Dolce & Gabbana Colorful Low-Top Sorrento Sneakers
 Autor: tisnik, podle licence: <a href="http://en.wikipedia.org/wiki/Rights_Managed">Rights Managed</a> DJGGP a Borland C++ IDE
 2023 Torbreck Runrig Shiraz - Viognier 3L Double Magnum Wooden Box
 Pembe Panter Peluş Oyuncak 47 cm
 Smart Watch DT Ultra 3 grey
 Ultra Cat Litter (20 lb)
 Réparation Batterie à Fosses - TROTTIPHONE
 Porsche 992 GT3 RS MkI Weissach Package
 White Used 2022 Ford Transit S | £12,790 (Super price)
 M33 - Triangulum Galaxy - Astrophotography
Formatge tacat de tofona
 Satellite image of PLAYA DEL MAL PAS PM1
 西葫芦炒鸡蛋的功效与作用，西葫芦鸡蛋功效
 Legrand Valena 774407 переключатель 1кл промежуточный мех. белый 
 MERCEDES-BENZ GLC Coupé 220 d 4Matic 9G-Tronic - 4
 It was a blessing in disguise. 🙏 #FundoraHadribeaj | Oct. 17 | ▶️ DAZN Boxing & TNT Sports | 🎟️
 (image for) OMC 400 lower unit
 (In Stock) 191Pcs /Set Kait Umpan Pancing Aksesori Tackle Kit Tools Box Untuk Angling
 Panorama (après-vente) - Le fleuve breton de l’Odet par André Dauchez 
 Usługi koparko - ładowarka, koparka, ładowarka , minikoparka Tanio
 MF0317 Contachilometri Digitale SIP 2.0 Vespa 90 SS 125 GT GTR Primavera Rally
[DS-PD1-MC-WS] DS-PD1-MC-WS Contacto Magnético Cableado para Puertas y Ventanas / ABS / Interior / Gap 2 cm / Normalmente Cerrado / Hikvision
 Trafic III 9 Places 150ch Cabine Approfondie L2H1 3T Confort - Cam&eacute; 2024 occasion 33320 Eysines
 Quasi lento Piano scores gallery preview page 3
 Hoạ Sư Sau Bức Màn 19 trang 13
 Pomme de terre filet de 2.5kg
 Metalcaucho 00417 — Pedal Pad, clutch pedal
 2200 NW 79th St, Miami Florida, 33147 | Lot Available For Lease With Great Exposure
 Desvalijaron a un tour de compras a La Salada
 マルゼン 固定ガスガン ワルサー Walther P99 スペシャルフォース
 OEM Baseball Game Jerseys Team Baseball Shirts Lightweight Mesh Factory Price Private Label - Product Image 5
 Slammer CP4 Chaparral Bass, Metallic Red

DIRECTIONS FOR THIS TASK: The result consists of the line with "Formatge tacat de tofona" through the last line of the entries above, repeated exactly and with nothing else.

THE COMPLETED TASK:
Formatge tacat de tofona
 Satellite image of PLAYA DEL MAL PAS PM1
 西葫芦炒鸡蛋的功效与作用，西葫芦鸡蛋功效
 Legrand Valena 774407 переключатель 1кл промежуточный мех. белый 
 MERCEDES-BENZ GLC Coupé 220 d 4Matic 9G-Tronic - 4
 It was a blessing in disguise. 🙏 #FundoraHadribeaj | Oct. 17 | ▶️ DAZN Boxing & TNT Sports | 🎟️
 (image for) OMC 400 lower unit
 (In Stock) 191Pcs /Set Kait Umpan Pancing Aksesori Tackle Kit Tools Box Untuk Angling
 Panorama (après-vente) - Le fleuve breton de l’Odet par André Dauchez 
 Usługi koparko - ładowarka, koparka, ładowarka , minikoparka Tanio
 MF0317 Contachilometri Digitale SIP 2.0 Vespa 90 SS 125 GT GTR Primavera Rally
[DS-PD1-MC-WS] DS-PD1-MC-WS Contacto Magnético Cableado para Puertas y Ventanas / ABS / Interior / Gap 2 cm / Normalmente Cerrado / Hikvision
 Trafic III 9 Places 150ch Cabine Approfondie L2H1 3T Confort - Cam&eacute; 2024 occasion 33320 Eysines
 Quasi lento Piano scores gallery preview page 3
 Hoạ Sư Sau Bức Màn 19 trang 13
 Pomme de terre filet de 2.5kg
 Metalcaucho 00417 — Pedal Pad, clutch pedal
 2200 NW 79th St, Miami Florida, 33147 | Lot Available For Lease With Great Exposure
 Desvalijaron a un tour de compras a La Salada
 マルゼン 固定ガスガン ワルサー Walther P99 スペシャルフォース
 OEM Baseball Game Jerseys Team Baseball Shirts Lightweight Mesh Factory Price Private Label - Product Image 5
 Slammer CP4 Chaparral Bass, Metallic Red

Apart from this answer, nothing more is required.